**EXERCISE BRIEF:** Start to finish, print the data below exactly, without the images.
======== DATASET EXTRACT
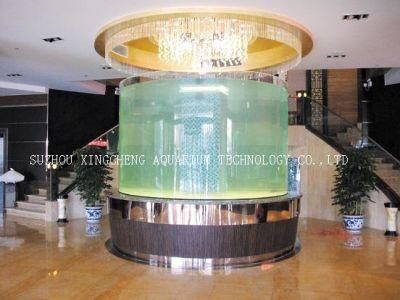 Round Acrylic Aquarium/Large Round Acrylic Aquarium/Curved Plexiglass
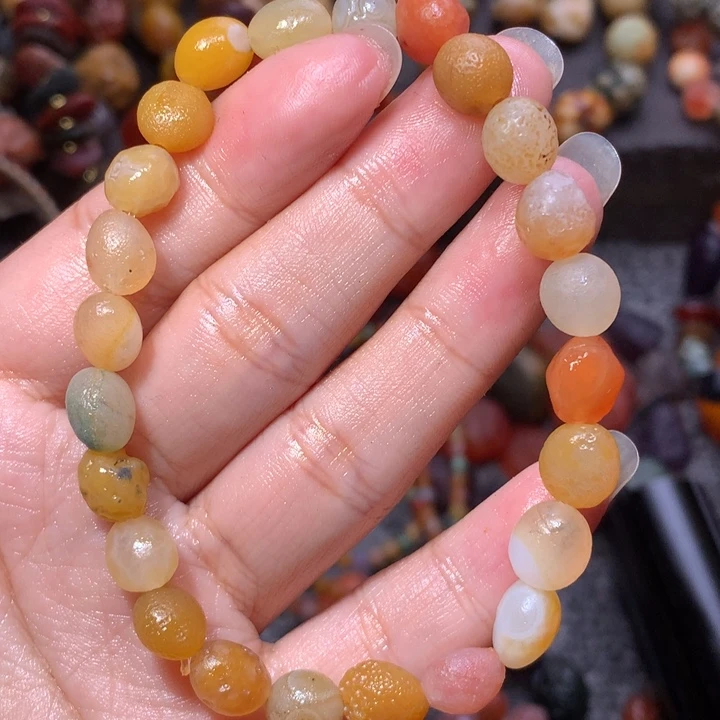 玛瑙/玉髓未镶嵌珠宝半成品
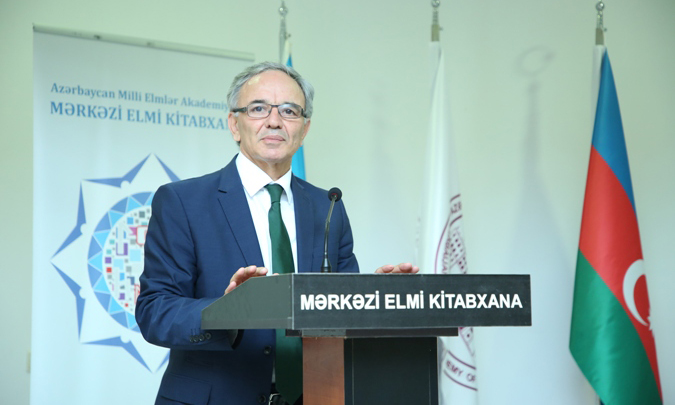 Mərkəzi Elmi Kitabxananın 5 illik fəaliyyətinə dair hesabat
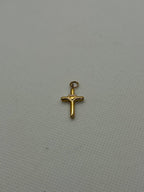Heart Cross Charm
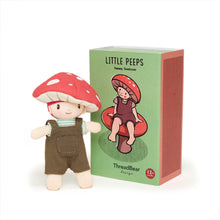 Load image into Gallery viewer, Little peeps - Tommy toadstool toy
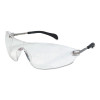 MCR Safety Blackjack Elite Protective Eyewear, Clear Lens, Duramass HC, Clear Frame, 1/PR, #S2210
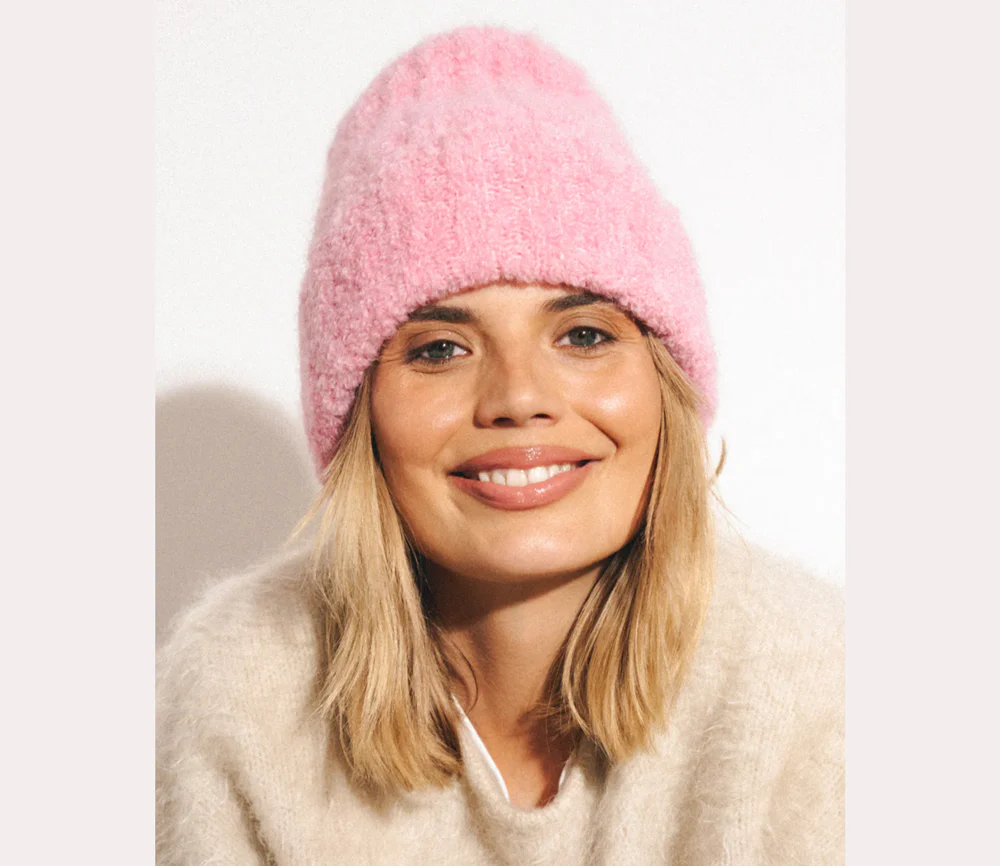 Alwero - Mütze,'BOUCLE', Rosa - Image 3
================
**EXERCISE ANSWER:**
 Round Acrylic Aquarium/Large Round Acrylic Aquarium/Curved Plexiglass
 玛瑙/玉髓未镶嵌珠宝半成品
 Mərkəzi Elmi Kitabxananın 5 illik fəaliyyətinə dair hesabat
Heart Cross Charm
 Load image into Gallery viewer, Little peeps - Tommy toadstool toy
 MCR Safety Blackjack Elite Protective Eyewear, Clear Lens, Duramass HC, Clear Frame, 1/PR, #S2210
 Alwero - Mütze,'BOUCLE', Rosa - Image 3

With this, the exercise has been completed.